### Directions for this task:
Give the entries again exactly, without pictures.

### Information given:
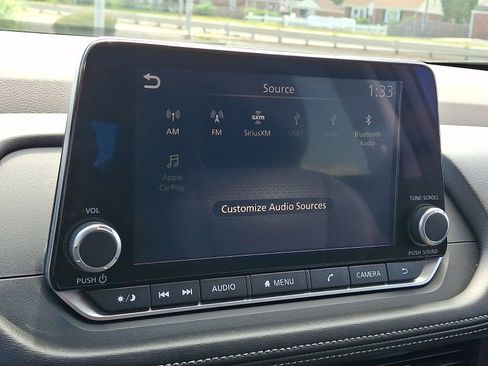 Used 2023 Nissan Rogue SV AWD/4WD image 27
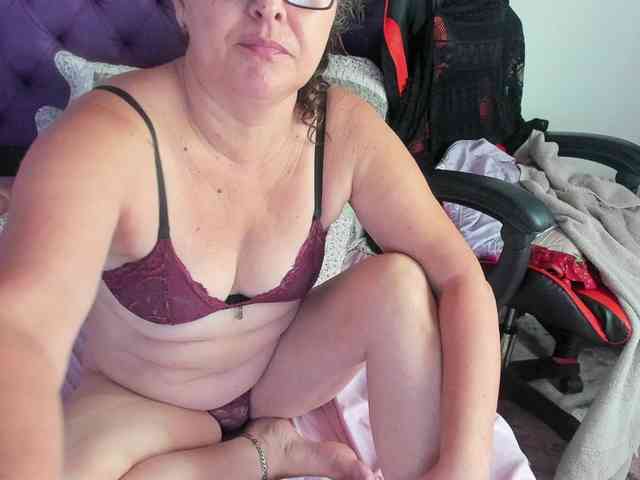 MargothClain webcam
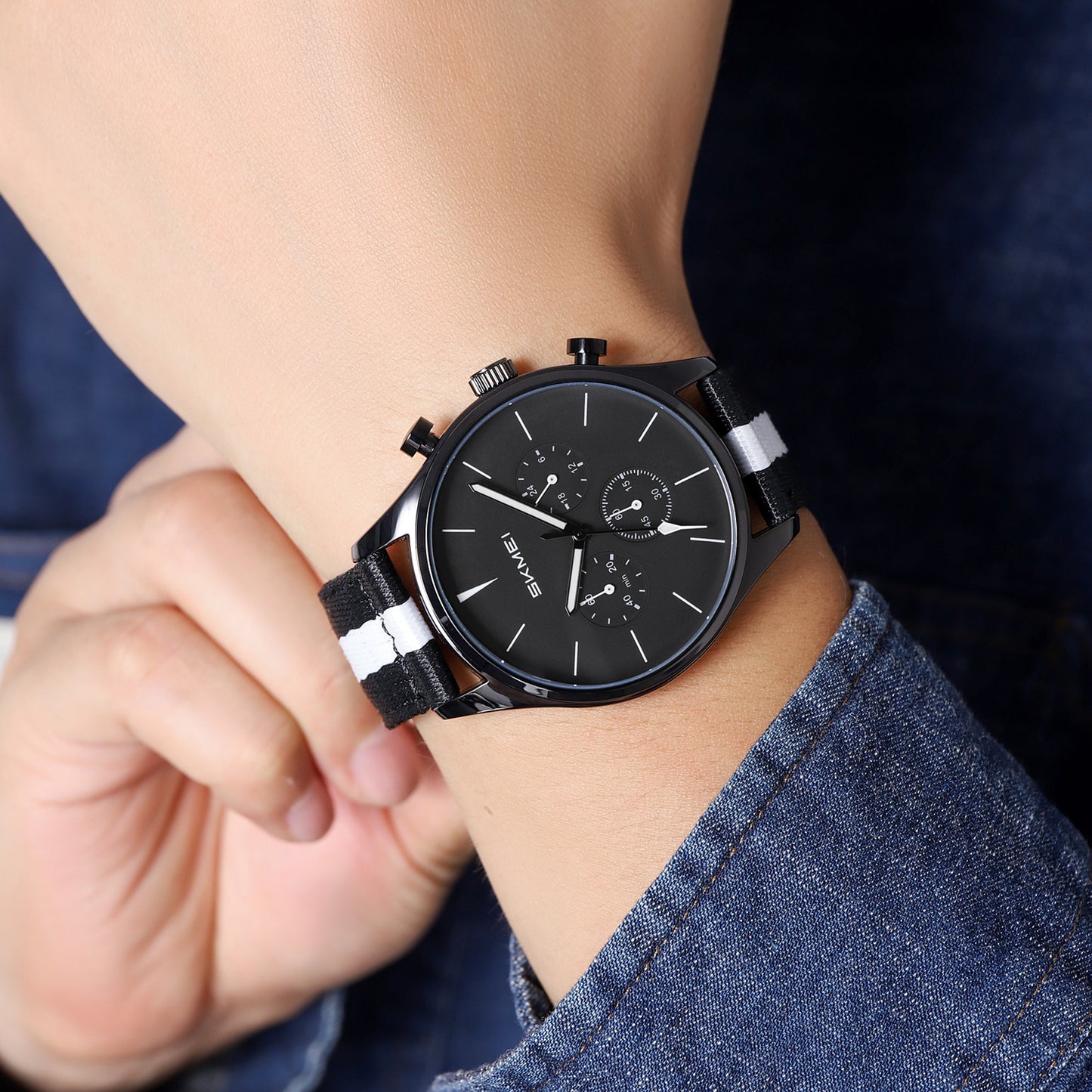 Skmei Quartz Analog Black Dial Zinc Alloy Case Nylon Strap Watch for Men - 2367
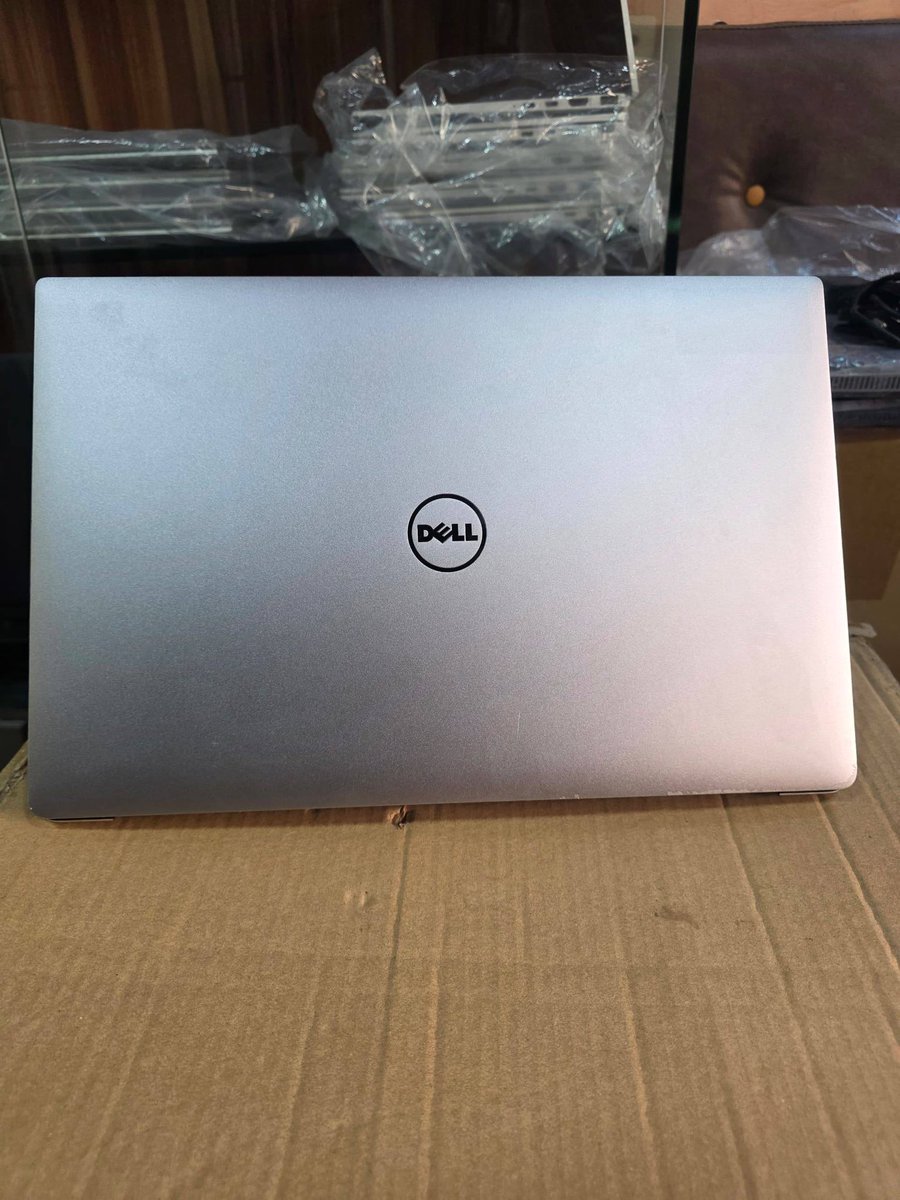 jhozztech's tweet photo. DELL PRECISION 5520
INTEL ( R) Xeon(R) E3-1505M V6
512 SSD -16GB RAM 
TOUCHSCREEN 
KEYBOARD LIGHT 
4GB DEDICATED GRAPHIC 
NVIDIA QUADRO M1200
8TH GENERATION 
@ 3.00GHZ 
  15.6 INCHES SCREEN 
          @ 750k

#LaptopDeals #TechUpgrade #Jhozztech #LaptopsInNigeria https://t.co/gyJQ2TwMgX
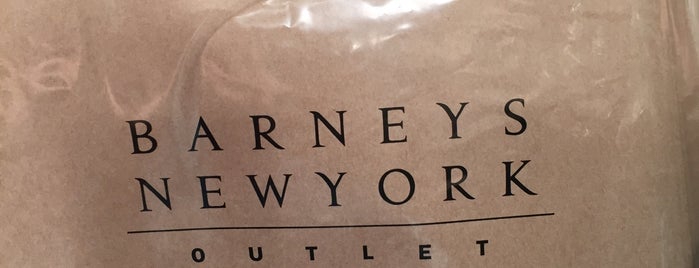 BARNEYS NEWYORK is one of 三井アウトレットパーク 滋賀竜王.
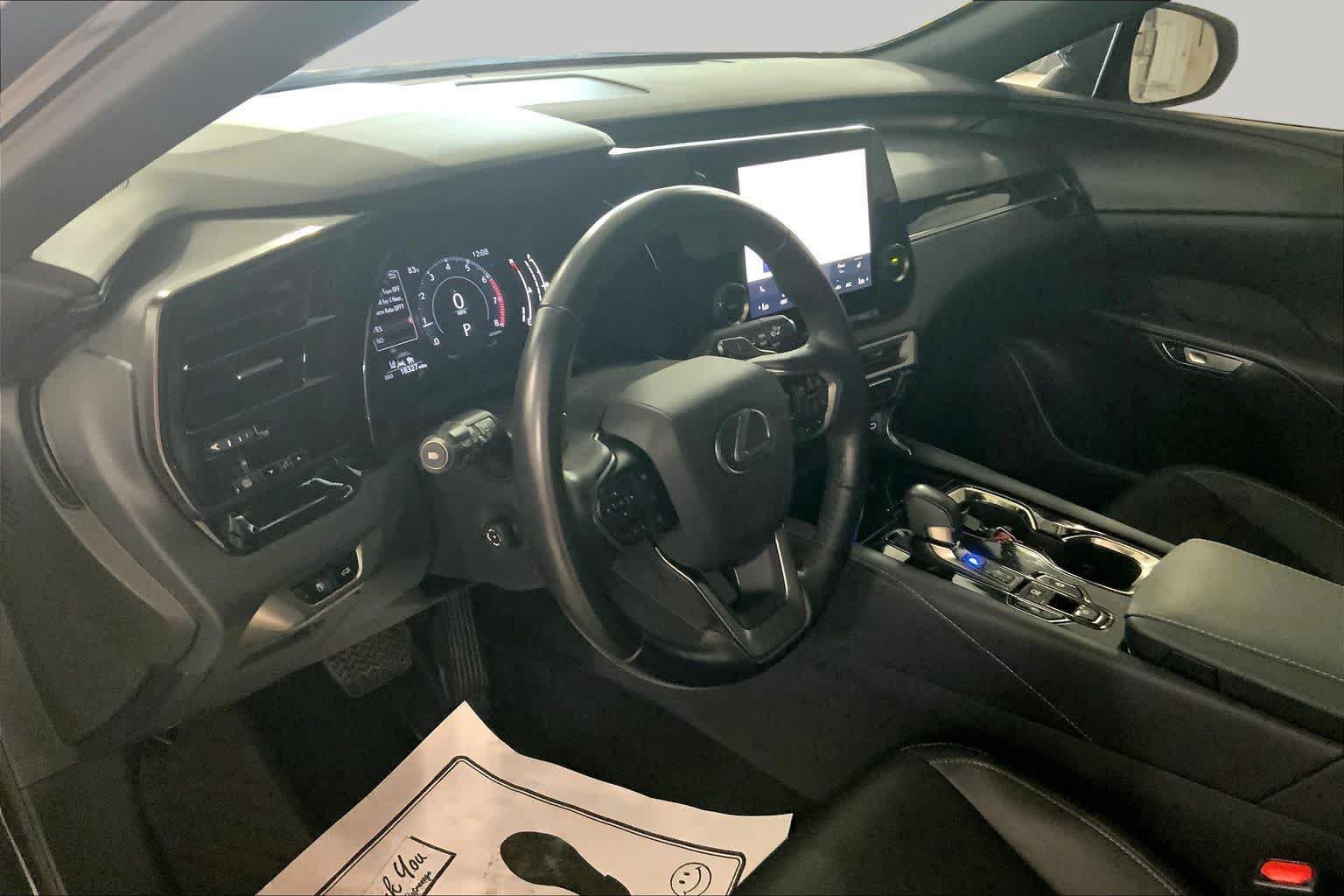 Used 2024 Lexus RX 350 FWD w/ Technology Package image 33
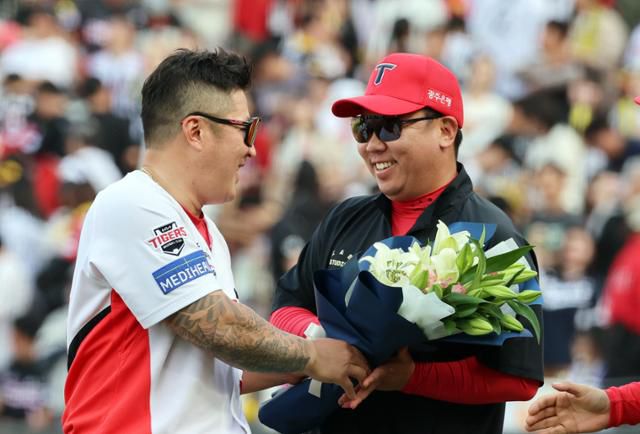이범호(오른쪽) KIA 감독이 최형우로부터 통산 100승 달성을 기념해 축하 꽃다발을 받고 있다. 광주=연합뉴스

### Response area:
 Used 2023 Nissan Rogue SV AWD/4WD image 27
 MargothClain webcam
 Skmei Quartz Analog Black Dial Zinc Alloy Case Nylon Strap Watch for Men - 2367
 jhozztech's tweet photo. DELL PRECISION 5520
INTEL ( R) Xeon(R) E3-1505M V6
512 SSD -16GB RAM 
TOUCHSCREEN 
KEYBOARD LIGHT 
4GB DEDICATED GRAPHIC 
NVIDIA QUADRO M1200
8TH GENERATION 
@ 3.00GHZ 
  15.6 INCHES SCREEN 
          @ 750k

#LaptopDeals #TechUpgrade #Jhozztech #LaptopsInNigeria https://t.co/gyJQ2TwMgX
 BARNEYS NEWYORK is one of 三井アウトレットパーク 滋賀竜王.
 Used 2024 Lexus RX 350 FWD w/ Technology Package image 33
이범호(오른쪽) KIA 감독이 최형우로부터 통산 100승 달성을 기념해 축하 꽃다발을 받고 있다. 광주=연합뉴스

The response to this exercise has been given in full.